INPUT DATA>
_ _ _ _ _ _ _

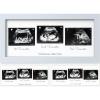 imageKeaBabies Baby Sonogram Picture Frame  Modern Ultrasound Picture Frames for Mom to Be First Pregnancy Gifts for Expecting Mom ampamp First Time Dad Baby Gender Reveal Gifts Petal PinkMist Blue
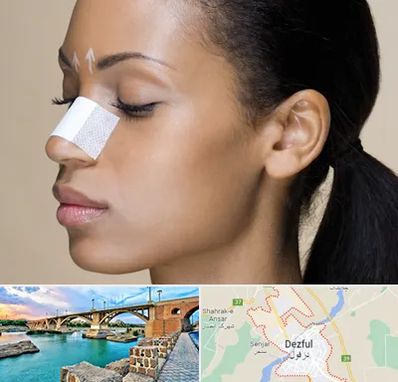 دکتر جراح بینی خانم در دزفول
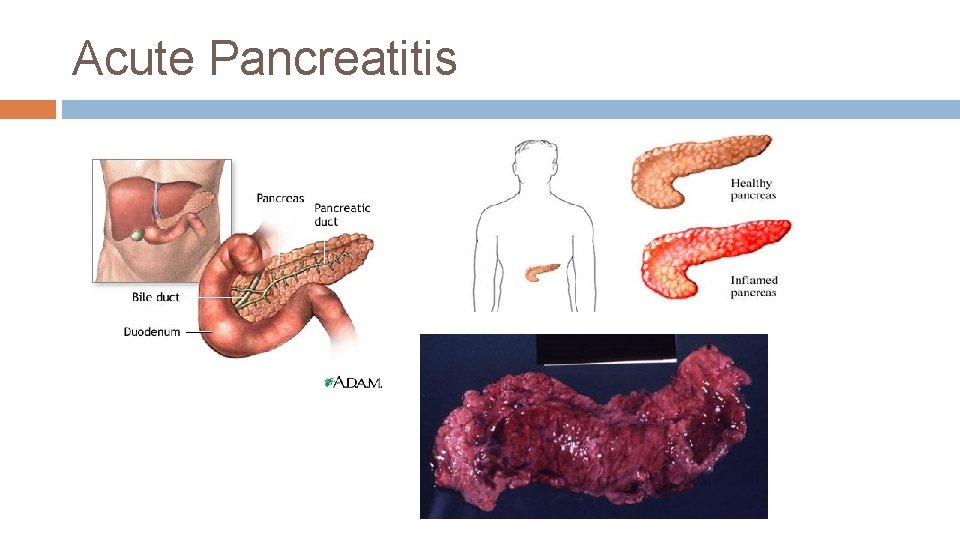 Acute Pancreatitis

_ _ _ _ _ _ _

WORK ITEM>
Exact reproduction is required. Output only the lines from the one with "دکتر جراح بینی خانم در دزفول" through the end of the listing above, both ends included, and no pictures.

YOUR SOLUTION>
 دکتر جراح بینی خانم در دزفول
 Acute Pancreatitis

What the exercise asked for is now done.